It is quiet at my parents' house. Outside, that is. Huddled in a warm hooded sweatshirt and surrounded by a blanket, I sit on their back deck in crisp morning air. Alone.
I listen to birds twittering and calling and take pause when they fly to the bird feeders just feet away from where I sit. Chickadees and finches flit quickly about. My parents live on ten acres and I look forward into a wooded area.
Rest. Peace. Quiet. I find myself thinking of them often, longing for them, writing of them. Probably because with four kids under six years old, I don't have much quiet or rest. Sometimes I find myself anxious for the days when my kids are older - teenagers who sleep in, and I have the opportunity to wake up and drink a cup of chai by myself.

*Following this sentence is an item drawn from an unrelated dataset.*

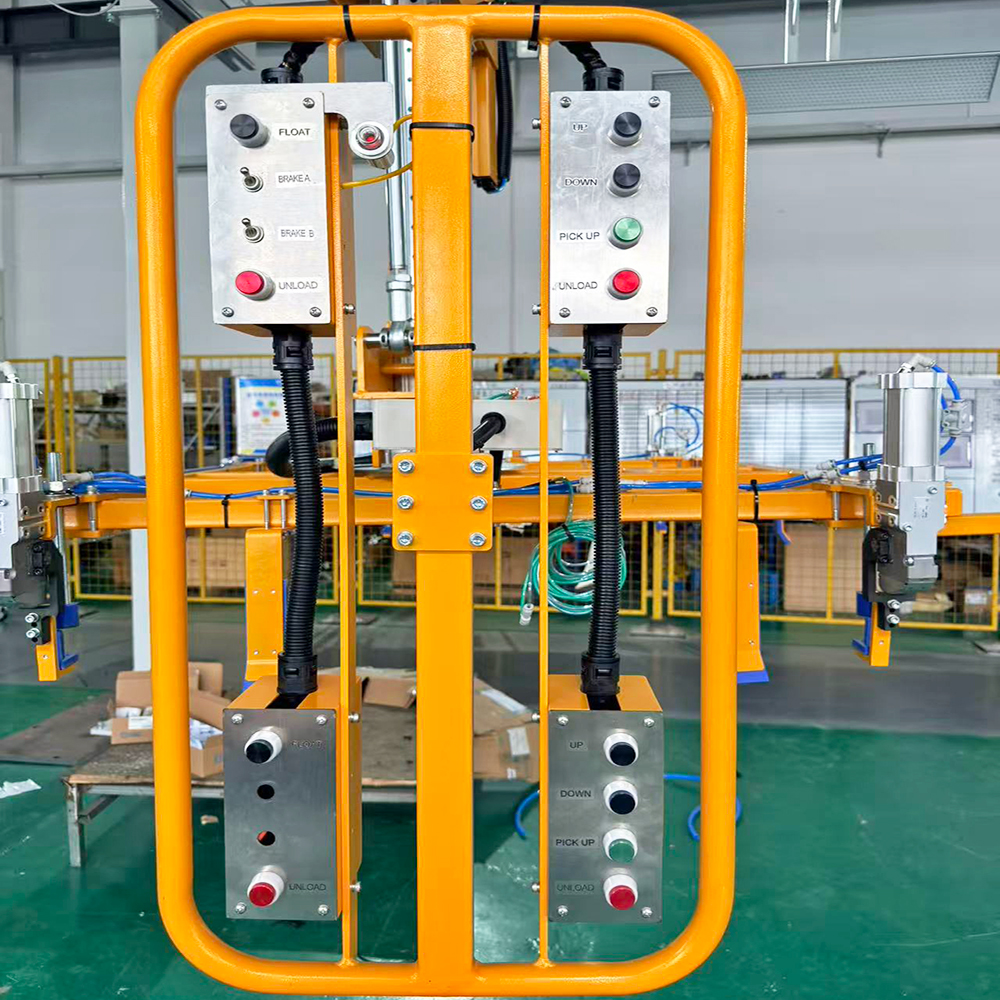 500kg Truss Overhead Crane with Customized Vacuum Lifter for Sheet Material Handling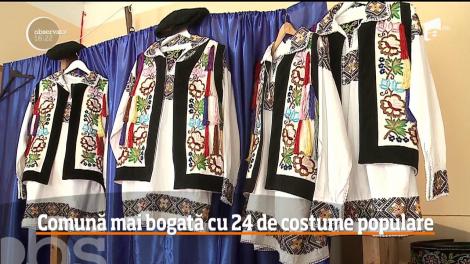 Comună mai bogată cu 24 de costume populare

As I stare at the yard and the grass so green in April, I can already imagine summer visits here. I can visualize Ellie in a sundress - how she loves dresses right now - running like the tornado she is, barefoot through the grass. I can see the bruises and scrapes covering the legs of little adventurous boys, telltale markings of summer. Dirty feet and knees and fingernails. Skin kissed by the sun. Ezekiel learning to crawl and discovering this new outdoor land.
The land I grew up on myself. Running in and between clothes drying on a long line stretched between two posts. Gleeful shrieks coming from four-wheeler rides with Grandpa. Adventure walks back into the woods. I should take them on a picnic back there this year. Running after bubbles and through sprinklers and falling onto soft green blades of mowed grass.
Soon my own childhood memories mix with my visions of future moments with my children and I see them juxtaposed. It stops me and I think of how I enjoyed being a kid in the summer. How I have days when I long to go back. And it hits me that so many days I want life to speed up to get to "easier times and ages" of the kids and I realize -
Why would I want to wish these away for them?